10. How are members affected if a PE fails to file Form CT-1065/CT-1120SI or to make the required composite Connecticut income tax payment?
If the PE does not file its return, the Commissioner of Revenue Services may file a return on its behalf and assess the tax, interest, and a penalty of 10% of the balance due or $50, whichever is greater. If the PE files a Form CT-1065/CT-1120SI, but does not make the required composite Connecticut income tax payment, DRS assesses the tax, interest, and a penalty of 10%. In either situation, DRS first collects, or attempts to collect, the tax, penalty, and interest from the PE, but, if any amount is uncollectible from the PE, DRS may collect the amount from the members. DRS will not collect an amount from a member that exceeds the member’s Connecticut income tax liability and will take into account any payments made toward that liability by the member.
11. What information is a PE required to furnish to its members?
A PE must furnish Schedule CT K-1, Member’s Share of Certain Connecticut Items, to each member who or which is a noncorporate member (whether resident or nonresident) or a PE.
The PE must furnish Schedule CT K-1 to members who or which are noncorporate members or PEs on or before the fifteenth day of the fourth month following the close of the PE’s taxable year (April 15 if the PE’s taxable year for federal income tax purposes is the calendar year). If the PE has requested an extension of time to file Form CT-1065/CT-1120SI by timely filing Form CT-1065/CT-1120SI EXT, the deadline for furnishing Schedule CT K-1 to members is automatically extended to the fifteenth day of the tenth month following the close of the PE’s taxable year (October 15 if the PE’s taxable year for federal income tax purposes is the calendar year). The PE must maintain a copy of each Schedule CT K-1 it furnishes and provide a copy to DRS upon request. Do not attach federal Schedule K-1 or Schedule CT K-1 to Form CT-1065/CT-1120SI.

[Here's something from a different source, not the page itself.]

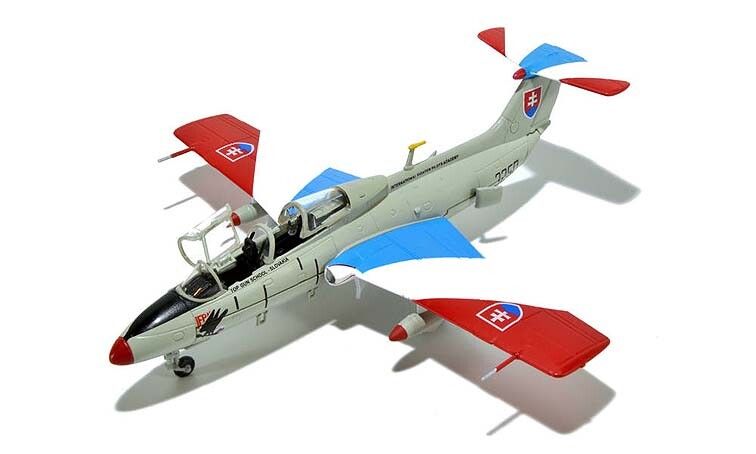 82MLCZ7216 | Misc 1:72 | Aero L-29 Delfin 3250, Slovak Air Force, 'Gen M.R.Stefanik' Air Force Acadamy, IFPA, Kostice AB, 1990's.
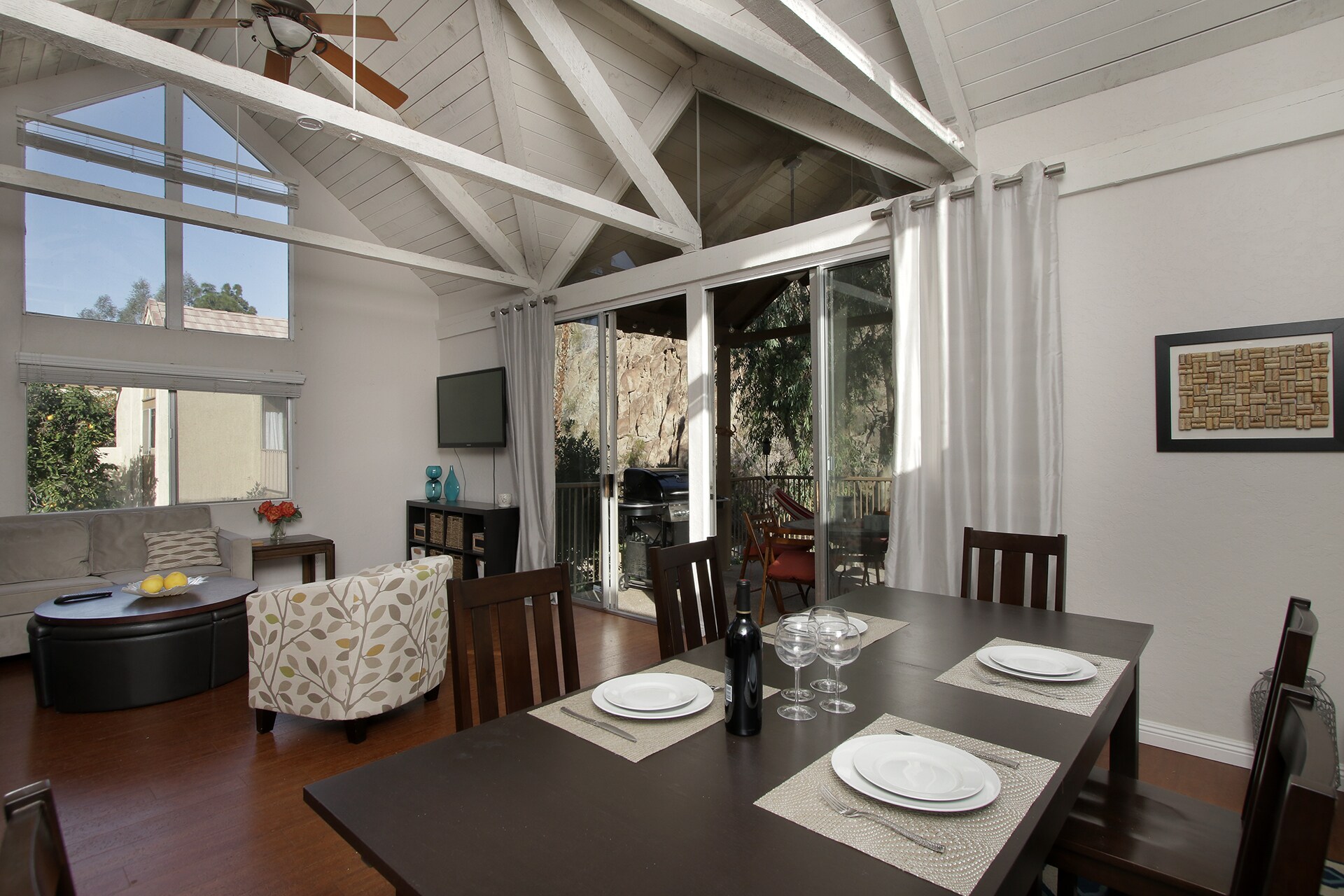 Spacious living / Dining room - 78205 Cortez Ln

The PE is not required to furnish Schedule CT K-1 to members which are corporate members. However, because corporate members may be subject to the Connecticut corporation business tax under Chapter 208 of the Connecticut General Statutes and may be entitled to apportion their net income for Connecticut corporation business tax purposes, the PE is required to provide to corporate members necessary apportionment and other information that enables the corporate members to properly calculate their Connecticut corporation business tax liability.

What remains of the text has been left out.